▸ Exercise
Once you find the line with "The whole system" in the entries below, print it and each line after it up to and including the line with "This is how", exactly, without pictures.

[Collected data]
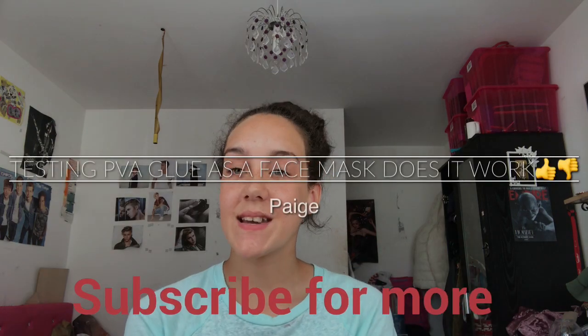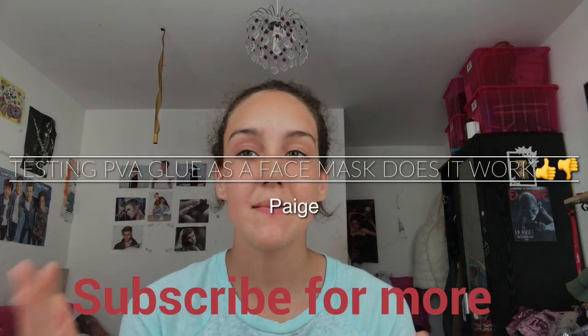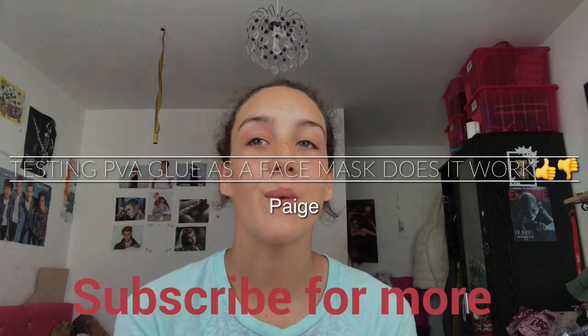Hey guys, it's your girl Paige and today's video is going to be: can you make glue a face mask? Pretty much all you need is some PVA glue.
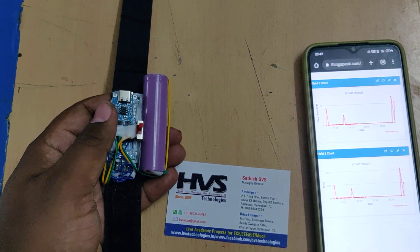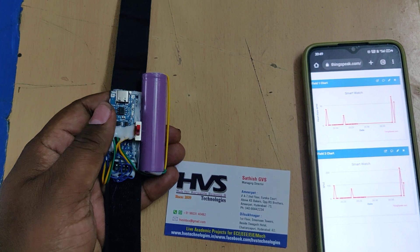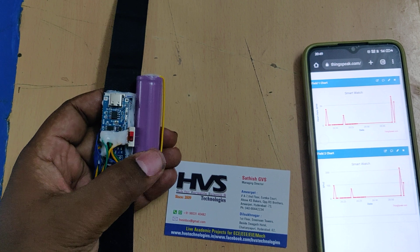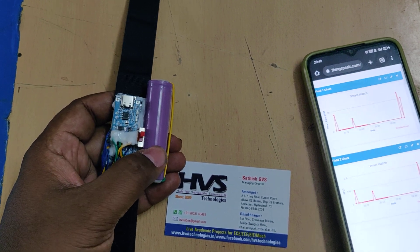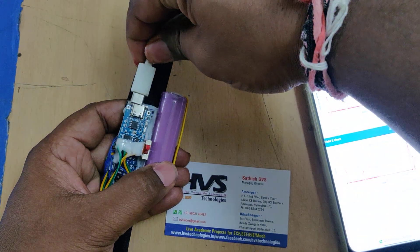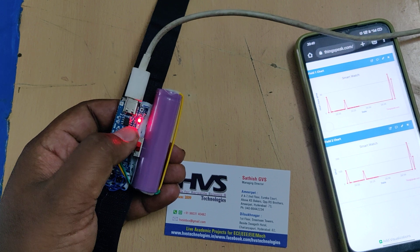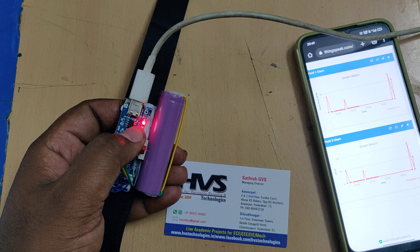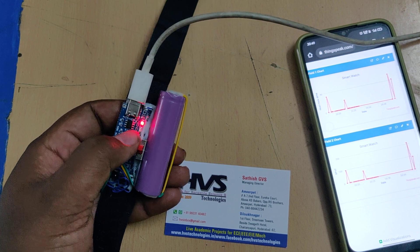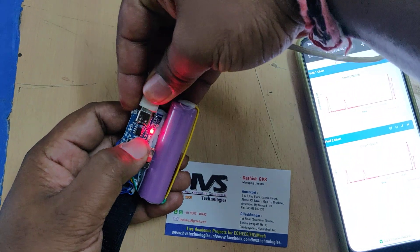The whole system gets power supply from a lithium-ion battery of 3.7 volts and 2600 milliampere-hour rating, which is rechargeable. To recharge the battery, just connect the C-type charger here and the red light will show the charging status. Once the battery is fully charged, the red light will switch off and the blue light will switch on, indicating the battery is fully charged.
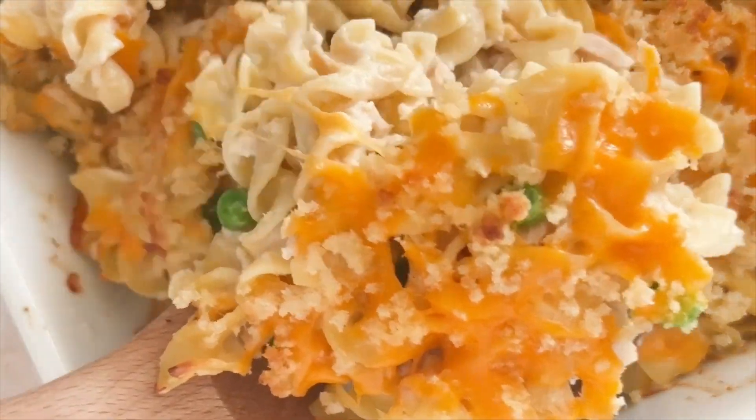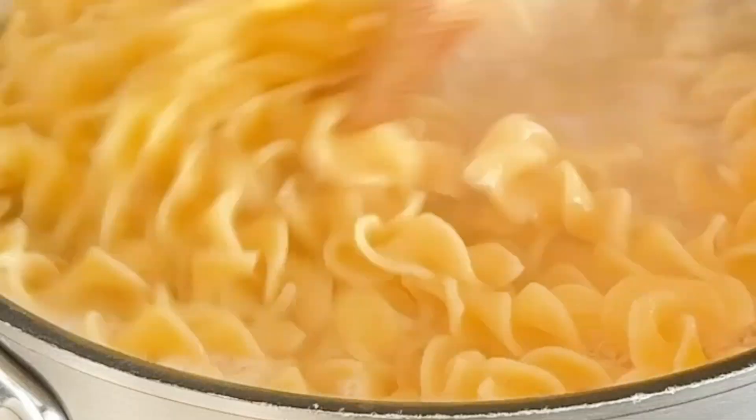This is how I make my easy tuna noodle casserole. I start by cooking the egg noodles until they're al dente.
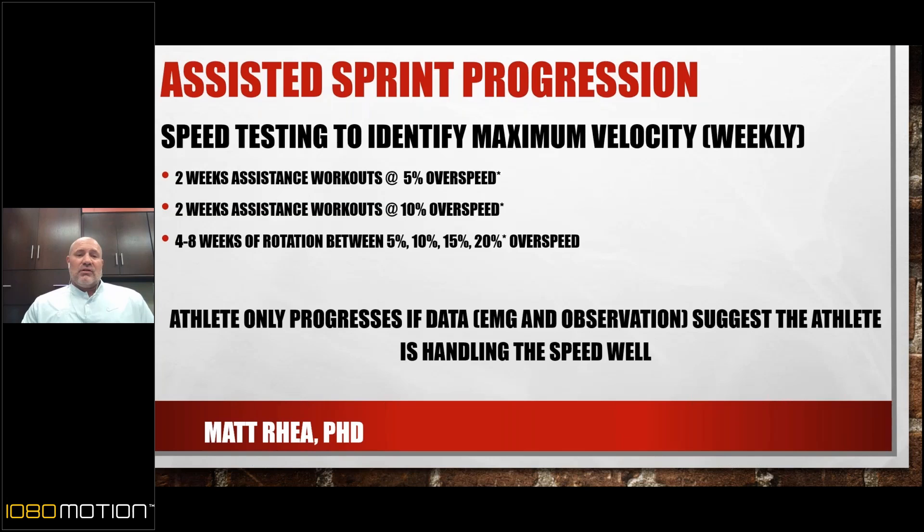There's a pretty wide range of difference in athletes and who is comfortable at what speeds. Some are comfortable at 5% but show anxiety at 10%. Others run at 20% overspeed and feel great — they want to go higher and I just prevent them. There's no set pattern that says everybody does the same amount of overspeed. It's tailored to the individual.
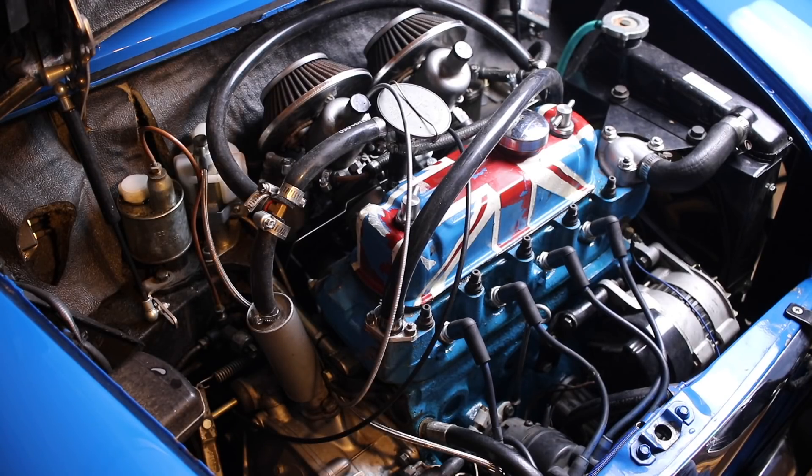Hey guys, so this is going to be a quick little video. I wanted to show you guys what it's like to actually own a Mini and to deal with some of this stuff on a daily basis. A lot of times what I'm showing you is how-to's and the pretty, organized, methodical process of working on your Mini and showing all the good parts.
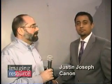We're with Justin Joseph of Canon USA. He's going to show us a couple of the new printers. Justin, what do you have to show us?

▸ Task answer
The whole system gets power supply from a lithium-ion battery of 3.7 volts and 2600 milliampere-hour rating, which is rechargeable. To recharge the battery, just connect the C-type charger here and the red light will show the charging status. Once the battery is fully charged, the red light will switch off and the blue light will switch on, indicating the battery is fully charged.
This is how I make my easy tuna noodle casserole. I start by cooking the egg noodles until they're al dente.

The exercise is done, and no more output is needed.